# Hoosier Cabinet?



## MorrisonCorner (Jul 27, 2004)

Is anyone using, I mean really using, as intended in the 1920s, a Hoosier Cabinet? I am wondering how difficult it is to refill the SMALLER (not the tall one that takes up a whole cabinet, but the smaller version) flour dispenser. And is the dispenser fixed, or does it swing out for use?

I'm wondering what features people really use, what is a luxury, and what is a full stop... gotta have it or pass on that one... must have in a Hoosier.

Hoosiers.. any piece of furniture for that matter.. is not taxable. Making a working Hoosier a very (very very) attractive option to consider. But I have to sell this thing to the husband, who is going to take one look at the price tag (these things are rare in VT and will probably have to be bought out of state and some distance away, think "ebay"). But I'm looking at these things and this has got to be the most efficient use of space imaginable. Especially if you're a baker. 
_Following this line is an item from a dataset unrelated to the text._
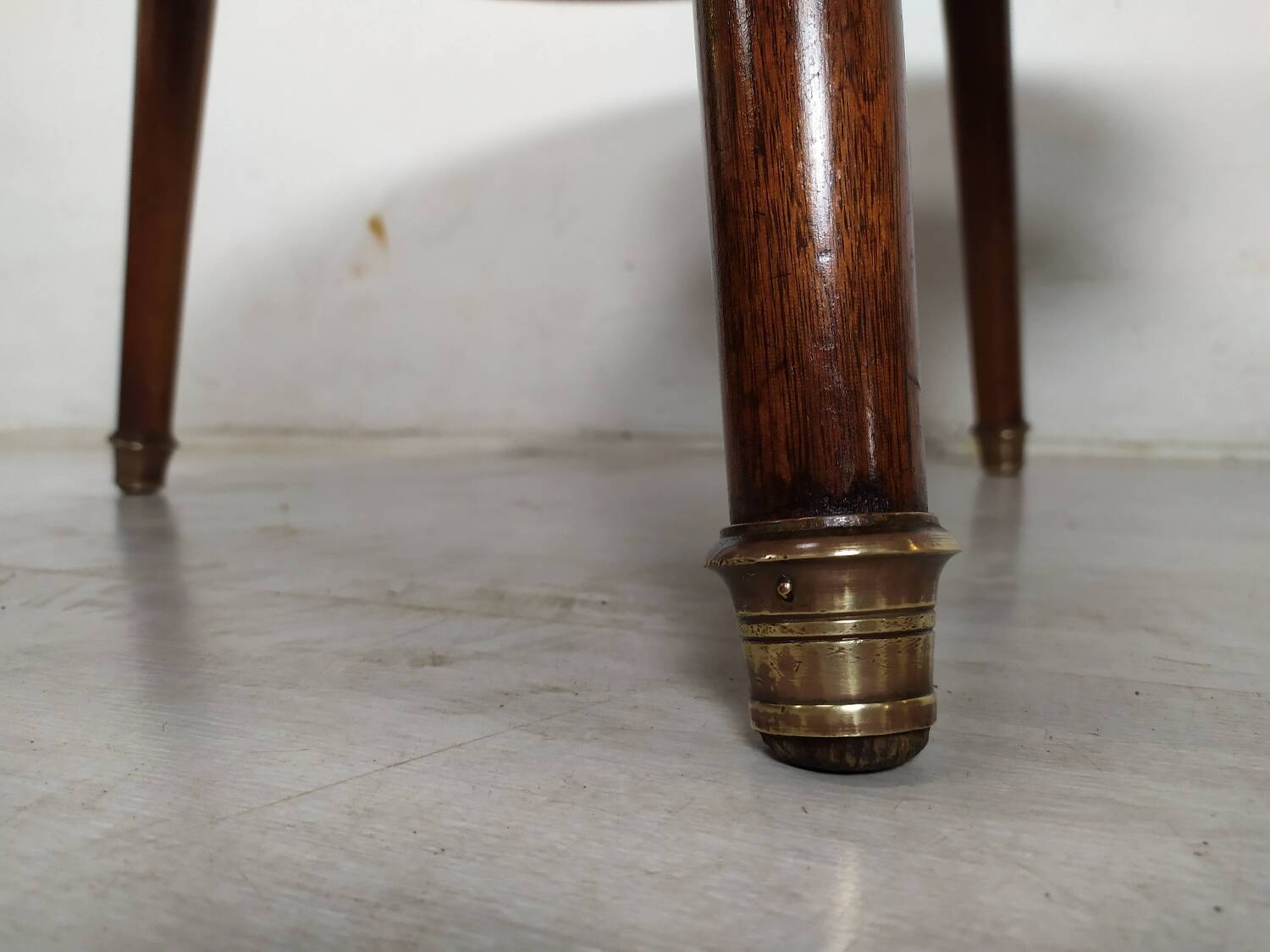 Lancel vintage tripod coffee table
My kitchen is so small that adding one of these in the dining room would effectively double our counter space.. and provide efficient storage of my baking "stuff" all on one easy to clean space. But I'd like to know the pros and cons of a Hoosier before I start trying to sell the DH on the idea. I mean, there must be a "con" otherwise we'd all be using them today, right?


----------



## Ravenlost (Jul 20, 2004)

Well, I don't use mine as intended, but I can tell you it's been very handy in my sewing room! I keep odd bits of ribbon in the flour dispenser and yes, it does swing out. The enamel top also slides out to provide more space for baking (although I use mine for cutting fabric). 

Honestly, I don't think there ARE any cons to having one except you have more chance of bugs getting in your flour. They are definitely not bug proof...the flour bin doesn't seal up at all so no way to keep bugs out.

I figure the biggest reason they aren't widely used is because they went "out of style".


----------



## oth47 (Jan 11, 2008)

We have 2 in the kitchen..neither of them have the sifters anymore,but the enamel tops make up for the lack thereof.Great for organizing.


----------



## caroline (Sep 29, 2009)

Mine had the flour bin ans the sugar bin, and was beautiful! I didn't use the bins as there was a bit of rsut (teensey bit) bear the bottom on the inside and I would't put flour in it.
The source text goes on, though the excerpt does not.